As a forest farmer it may not always be feasible to delay harvesting until plants begin to make this transition, especially if large quantities of roots need to be harvested and processed in a short amount of time, or when you need to adhere to the timeline of a specific customer. If harvesting cannot be delayed, at a minimum, plants should not be harvested until the seeds have been collected or dispersed, and the reproductive cycle has been completed.
Depending on the quality of the growing site, plants that were propagated from rhizome cuttings or rootlets typically reach harvestable size after 3 to 4 years of growth (Burkhart and Jacobson, 2006), and plants that were propagated from seed typically reach harvestable size after 5 to 7 years of growth (Greenfield and Davis, 2004). Keep in mind that these age ranges may vary based on growing site quality and other environmental factors.

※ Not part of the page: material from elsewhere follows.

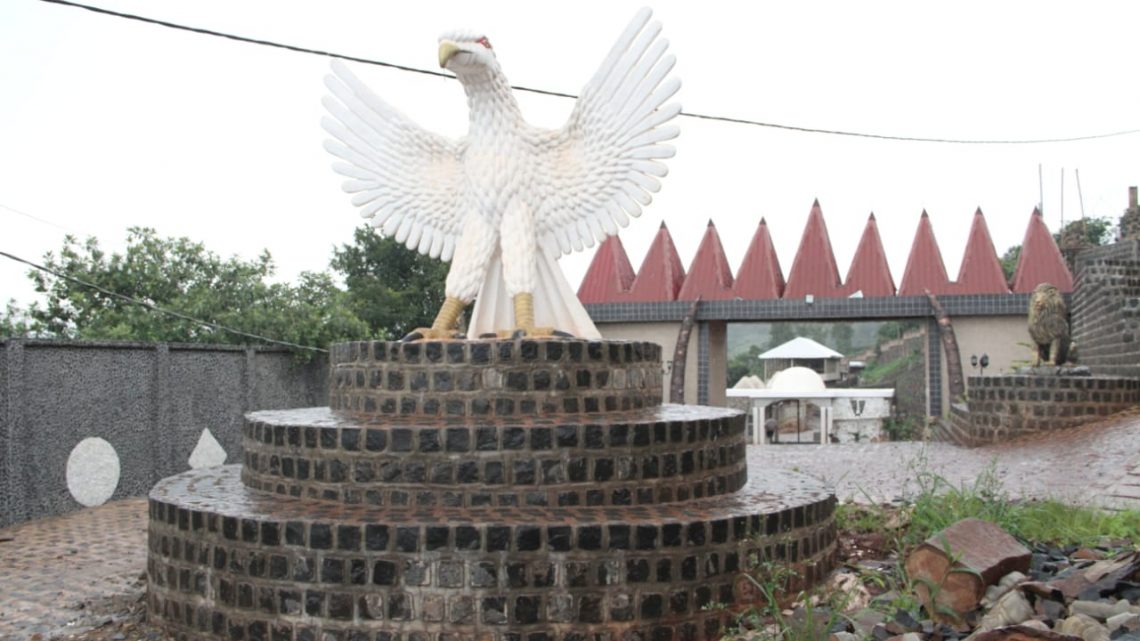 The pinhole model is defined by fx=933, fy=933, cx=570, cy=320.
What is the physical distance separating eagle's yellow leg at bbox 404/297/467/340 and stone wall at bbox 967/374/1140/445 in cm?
644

All root material should be adequately washed to ensure that it is free from dirt and debris. Excess dirt remaining on the roots can contribute to elevated levels of bacteria, and can decrease the value of the final product. To wash small and medium-sized batches of material, briefly soak the roots in a tub of water to soften and loosen any foreign debris. Then spread the roots on a wire mesh screen and spray with a medium pressure hose to rinse clean. Some roots may need to be broken into smaller pieces in order to dislodge all dirt, rocks, roots, and other debris. The same technique can be used to wash large quantities of material, but it may be more efficient and cost-effective to use a commercial root washer or similar device. Whether soaking the roots in water or washing them with a hose, make sure the contact with water is as brief as possible to prevent the loss of desired alkaloids, specifically berberine and hydrastine. Alkaloid leaching from prolonged washing will not only decrease the quality of the roots but can also negatively affect the value of your final product. A simple way to monitor this is to observe the color of the wash water. If the water is turning yellow, then alkaloids, specifically berberine, are being leached from the roots.
Roots must be properly dried in order to preserve product quality and ensure the integrity of the product during long-term storage. To dry, spread roots evenly on a wire mesh screen in a dark, well-ventilated area with forced airflow (e.g. fan) where temperatures can be maintained at 85-95∘F. In humid locations temperatures as high as 130∘F may be needed to fully drive off excess moisture from the roots (Davis, 2016). The roots should be regularly inspected for any signs of mold or spoilage, and if detected, the infected pieces should be removed from the room. Maintaining adequate airflow will help to eliminate moisture on the surface of the root and prevent the onset of mold development facilitating a faster, more even drying process. During the drying process, roots will lose approximately 70% of their weight depending on the original moisture content, and the color will darken slightly, turning from yellow to light brown. While the exterior of the root will darken, the inside of the root should maintain a bright and vibrant yellow color. To determine when the drying process is complete, select several average-sized roots from the batch, and then break them in half. The roots should snap cleanly when fully dried but should not be overly brittle.
Follow all recommended guidelines described in the GAPC section.